To give more control to how the operand gets encoded, dynasm-rs features both displacement size overrides and a hinting mechanism similar to NASM. By default dynasm will try to infer the wanted displacement size if the displacement is a constant, and if it fails to it will encode a four-byte displacement. However, this behaviour can be altered using a size override after the opening bracket of the memory reference.
The hinting mechanism by default tries to select the smallest way for a memory reference to be encoded, and any freedom in this is solved with the following rules:
- The first unscaled register that only appears once can be encoded as base will be used as such.
- If no unscaled register is present, the first register with a total scale of 1 will be used as base.
One complication in the "smallest encoding" rule is [rax * 2]. As memory references without base require a four-byte displacement, it is shorter to encode this as [rax + rax * 1]. This kind of index splitting is the default behaviour for dynasm-rs, and can be disabled by using the NOSPLIT keyword in the memory reference. This keyword must come before the displacement size specifier if both are used as in [NOSPLIT BYTE rax * 2 + 1].

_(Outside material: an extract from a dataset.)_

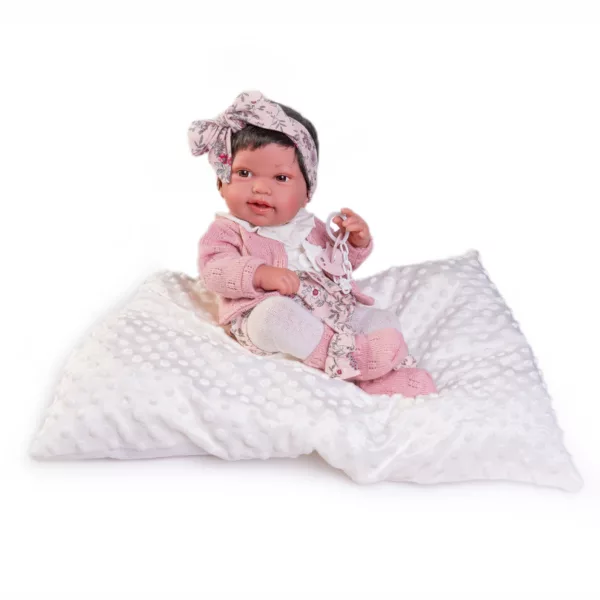Винилова кукла бебе Пипа с розова жилетка седи на пухкава възглавница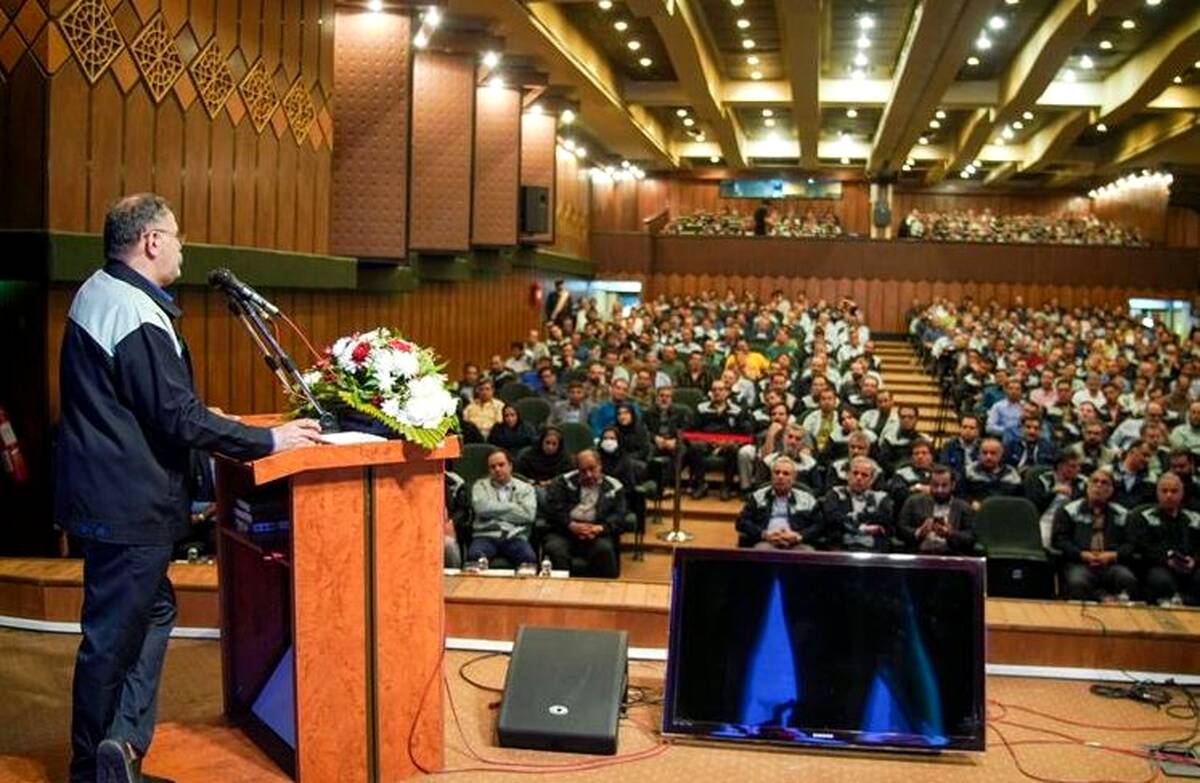 چشم انداز ذوب آهن اصفهان با همدلی تلاشگران این مجتمع ، روشن است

As a final node, the mib addressing mode used by Intel's MPX extensions deserves some attention. Dynasm-rs does not implement special syntax for this addressing mode. Instead, the index and base registers in this addressing mode can simply be specified by the hinting behaviour described above.
The following are several examples of what can be encoded:
Table 5: dynasm-rs memory reference formats
| Syntax | Explanation |
|---|---|
[expr] | An arbitrary expression will be encoded as an immediate |
[rax] | A register can be dereferenced. This can either be a 32-bit or a 64-bit register. |
[rax * 4] | A scaled register can be dereferenced. Possible scales are 8, 4, 2 and 1, although 3, 5 and 9 can also be encoded when it is the only used register. |
[BYTE rax + 77] | The size of the displacement encoded can b e defined using a size override. |
[rax * 1 + rbx] | Which register is encoded as index can be explicitly controlled by multiplying with 1. |
[NOSPLIT rax * 2] | The nosplit keyword forces this to be encoded sub-optimally without a base register. |
[rax * 4 + rbx + expr] | The previously mentioned forms can all be combined. Order is not important. |
[xmm * 4 + rbx + expr] | When VSIB addressing is allowed, an xmm or ymm register can be used as index. |
[rip + expr] | Addresses relative to the instruction pointer at the end of the instruction can also be used, but in this case no scale can be encoded. |
[->label] | Label references can also be dereferenced. This goes for all label types. |
Type mapped references
To ease interoperation with rust structures, dynasm-rs supports the following syntax for accessing members of pointers to structs and struct arrays. In this syntax, the scale and displacement in a normal memory reference are derived from the size of the type and the offset of the member in the type. Due to the limitations of procedural macros, invalid scales will unfortunately only panic at runtime. Note that dynasm-rs is unable to infer the size of the attribute and it should therefore be determined by a size prefix.
Just like memory references, type mapped references support displacement size overrides after the opening square bracket. However, as the first register is always encoded as index, they do not support NOSPLIT.
The syntax for type maps is as follows:
Table 6: dynasm-rs type map formats
| Syntax | Equivalent expression |
|---|---|
rax => Type.attr | (rax as *mut Type).attr |
rax => Type[expr] | (rax as *mut [Type])[expr] |
rax => Type[rbx] | (rax as *mut [Type])[rbx] |
rax => Type[rbx + expr].attr | (rax as *mut [Type])[rbx + expr].attr |
Immediates
Any operand which does not match the previously discussed forms will be interpreted as an immediate argument. This operand will be evaluated as an expression at runtime and the resulting value will be encoded. The size of the encoded value can be determined by a size prefix. If such a a prefix is not given, dynasm-rs will try to infer it from the value of the immediate, but this is only possible if the immediate is a simple constant. As this might change in the future, you should use explicit size overrides if the encoded displacement size matters.